親戚と集まって確実に開いているファミレスに行った時もそうだった。

親4人、子供5人。正月明けでSNSが賑わって楽しいのか子供たちはメニューが決まるなりスマホを開いたり、料理が届くまで画面とにらめっこしたり。私がお喋り上手でムードメーカーだったら、と何度思ったか分からない。「この動画が~」とか「インフルエンサーのあの子が~」とか時々画面を共有しながら盛り上がってる子供たちを前に、画面も見せてもらえない大人たちは話についていけず最近の近況を聞き出して話を広げようとしているのが、なんだかしんどかった。
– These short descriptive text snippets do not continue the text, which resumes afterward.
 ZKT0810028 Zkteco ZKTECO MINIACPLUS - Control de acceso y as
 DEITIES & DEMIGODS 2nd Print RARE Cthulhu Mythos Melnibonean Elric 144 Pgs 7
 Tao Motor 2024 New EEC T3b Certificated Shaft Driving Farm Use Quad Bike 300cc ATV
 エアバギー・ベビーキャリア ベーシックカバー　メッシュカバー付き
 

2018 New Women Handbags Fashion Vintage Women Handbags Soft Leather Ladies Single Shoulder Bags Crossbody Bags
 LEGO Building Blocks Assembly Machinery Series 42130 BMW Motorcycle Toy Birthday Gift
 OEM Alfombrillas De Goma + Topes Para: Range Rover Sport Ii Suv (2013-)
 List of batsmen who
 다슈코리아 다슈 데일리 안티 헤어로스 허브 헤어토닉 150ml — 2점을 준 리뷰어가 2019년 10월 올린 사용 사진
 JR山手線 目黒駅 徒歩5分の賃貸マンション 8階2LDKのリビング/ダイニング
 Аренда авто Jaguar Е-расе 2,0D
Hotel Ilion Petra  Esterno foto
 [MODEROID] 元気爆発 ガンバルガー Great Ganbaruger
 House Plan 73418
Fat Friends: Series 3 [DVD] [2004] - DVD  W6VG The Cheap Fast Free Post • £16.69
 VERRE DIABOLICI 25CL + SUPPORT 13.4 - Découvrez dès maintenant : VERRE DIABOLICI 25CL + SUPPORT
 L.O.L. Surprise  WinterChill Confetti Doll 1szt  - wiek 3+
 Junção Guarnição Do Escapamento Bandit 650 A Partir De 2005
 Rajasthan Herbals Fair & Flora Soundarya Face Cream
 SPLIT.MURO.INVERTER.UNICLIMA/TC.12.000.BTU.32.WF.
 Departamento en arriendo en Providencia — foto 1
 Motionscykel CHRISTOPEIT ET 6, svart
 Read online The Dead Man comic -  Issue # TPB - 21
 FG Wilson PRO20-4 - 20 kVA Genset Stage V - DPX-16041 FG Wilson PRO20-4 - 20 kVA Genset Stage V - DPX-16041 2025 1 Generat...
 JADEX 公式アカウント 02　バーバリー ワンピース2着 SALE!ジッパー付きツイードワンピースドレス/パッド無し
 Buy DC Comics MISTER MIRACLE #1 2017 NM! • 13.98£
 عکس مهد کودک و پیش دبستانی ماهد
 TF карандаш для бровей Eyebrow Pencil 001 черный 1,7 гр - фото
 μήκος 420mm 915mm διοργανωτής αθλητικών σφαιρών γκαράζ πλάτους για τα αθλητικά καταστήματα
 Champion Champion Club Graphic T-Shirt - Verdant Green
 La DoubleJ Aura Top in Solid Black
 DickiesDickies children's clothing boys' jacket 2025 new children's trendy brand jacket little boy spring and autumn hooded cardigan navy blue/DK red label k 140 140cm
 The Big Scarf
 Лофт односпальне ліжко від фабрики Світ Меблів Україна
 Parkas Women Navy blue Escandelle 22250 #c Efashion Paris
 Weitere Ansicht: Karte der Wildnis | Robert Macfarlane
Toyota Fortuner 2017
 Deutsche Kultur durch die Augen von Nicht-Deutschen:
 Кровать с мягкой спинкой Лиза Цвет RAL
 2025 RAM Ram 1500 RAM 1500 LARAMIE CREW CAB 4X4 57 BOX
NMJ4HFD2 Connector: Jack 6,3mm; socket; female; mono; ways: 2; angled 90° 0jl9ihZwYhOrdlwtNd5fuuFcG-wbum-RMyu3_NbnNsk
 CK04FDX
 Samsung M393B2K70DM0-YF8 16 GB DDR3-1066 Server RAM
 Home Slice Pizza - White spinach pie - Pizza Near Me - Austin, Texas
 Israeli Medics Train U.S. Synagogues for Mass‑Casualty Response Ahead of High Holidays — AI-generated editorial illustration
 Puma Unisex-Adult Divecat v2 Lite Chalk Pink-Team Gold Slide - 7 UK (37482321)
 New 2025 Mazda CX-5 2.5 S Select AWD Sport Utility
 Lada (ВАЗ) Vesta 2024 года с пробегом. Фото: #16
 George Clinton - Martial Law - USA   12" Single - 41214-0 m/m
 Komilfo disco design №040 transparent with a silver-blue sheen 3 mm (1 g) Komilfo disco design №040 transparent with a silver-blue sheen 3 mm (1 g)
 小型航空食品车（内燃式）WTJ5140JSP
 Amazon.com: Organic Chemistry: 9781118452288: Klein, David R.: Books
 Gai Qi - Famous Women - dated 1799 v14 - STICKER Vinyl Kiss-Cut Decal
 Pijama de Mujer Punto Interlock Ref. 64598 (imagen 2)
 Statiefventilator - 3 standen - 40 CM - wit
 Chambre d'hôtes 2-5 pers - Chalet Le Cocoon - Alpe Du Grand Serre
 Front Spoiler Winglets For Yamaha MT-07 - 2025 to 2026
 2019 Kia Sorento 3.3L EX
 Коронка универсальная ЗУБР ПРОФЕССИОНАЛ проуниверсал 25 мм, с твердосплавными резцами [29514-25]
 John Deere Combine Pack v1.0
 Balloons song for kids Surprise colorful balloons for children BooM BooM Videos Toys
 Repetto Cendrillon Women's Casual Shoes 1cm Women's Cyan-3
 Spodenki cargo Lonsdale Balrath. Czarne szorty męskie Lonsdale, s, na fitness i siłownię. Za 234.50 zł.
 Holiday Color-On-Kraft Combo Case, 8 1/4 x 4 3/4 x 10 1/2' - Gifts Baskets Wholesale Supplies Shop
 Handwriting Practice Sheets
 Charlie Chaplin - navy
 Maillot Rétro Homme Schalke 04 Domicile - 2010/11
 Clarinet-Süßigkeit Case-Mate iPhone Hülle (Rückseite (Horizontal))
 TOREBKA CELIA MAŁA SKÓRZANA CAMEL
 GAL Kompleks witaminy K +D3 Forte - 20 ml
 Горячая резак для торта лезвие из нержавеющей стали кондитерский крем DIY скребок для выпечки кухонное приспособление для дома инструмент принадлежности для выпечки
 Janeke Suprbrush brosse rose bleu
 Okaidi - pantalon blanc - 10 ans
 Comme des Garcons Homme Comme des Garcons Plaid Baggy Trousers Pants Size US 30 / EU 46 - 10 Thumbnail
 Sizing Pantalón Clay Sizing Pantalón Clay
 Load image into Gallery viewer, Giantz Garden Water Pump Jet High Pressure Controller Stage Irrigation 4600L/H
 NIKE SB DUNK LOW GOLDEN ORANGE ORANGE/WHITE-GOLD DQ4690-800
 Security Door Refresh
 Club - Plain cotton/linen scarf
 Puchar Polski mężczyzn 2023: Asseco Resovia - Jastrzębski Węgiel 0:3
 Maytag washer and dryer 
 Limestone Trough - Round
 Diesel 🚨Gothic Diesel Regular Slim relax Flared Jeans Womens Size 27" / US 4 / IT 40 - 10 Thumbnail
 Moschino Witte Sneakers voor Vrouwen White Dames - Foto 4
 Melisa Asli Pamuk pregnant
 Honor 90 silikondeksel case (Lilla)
しまいには「ハズレはこういう時スマホを触らないんだね」と親に言われ、なんともいえない気持ちになった。

特に忘れられないのは、祖父母の家に行った時。

当時は実家を出ているのが私だけで、私が帰省したタイミングで顔を見せに行く名目で家を訪ねていた。その日は姉だけが仕事が休みで、珍しく二人で祖父母の家を訪れた。寡黙な祖父とは反対に、リビングに座るなりマシンガントークで話し出す祖母。いつもならその話し相手になる母は、今日はいない。私たちが話し相手にならなきゃと思っていた矢先、姉はすぐさまスマホを取り出してSNSを見始めた。祖母が必死に話しかけても姉はつまらなさそうな返事で返すため、気まずい空気にならないように祖母が傷つかないように私はなんとか祖母と姉の会話を取り持った。そんな私とは裏腹に、姉は祖母と話すどころか「ねえ見て~!」と推しの動画を私に見せ、私と祖母の会話を何度も遮ろうとした。もちろん祖母には画面を見せようとしない。理由は単純。教えても分からないし、説明するのも面倒だからだ。滞在したのは数時間だったけど、私にはとても長い時間に感じられてその日はひどく疲れた。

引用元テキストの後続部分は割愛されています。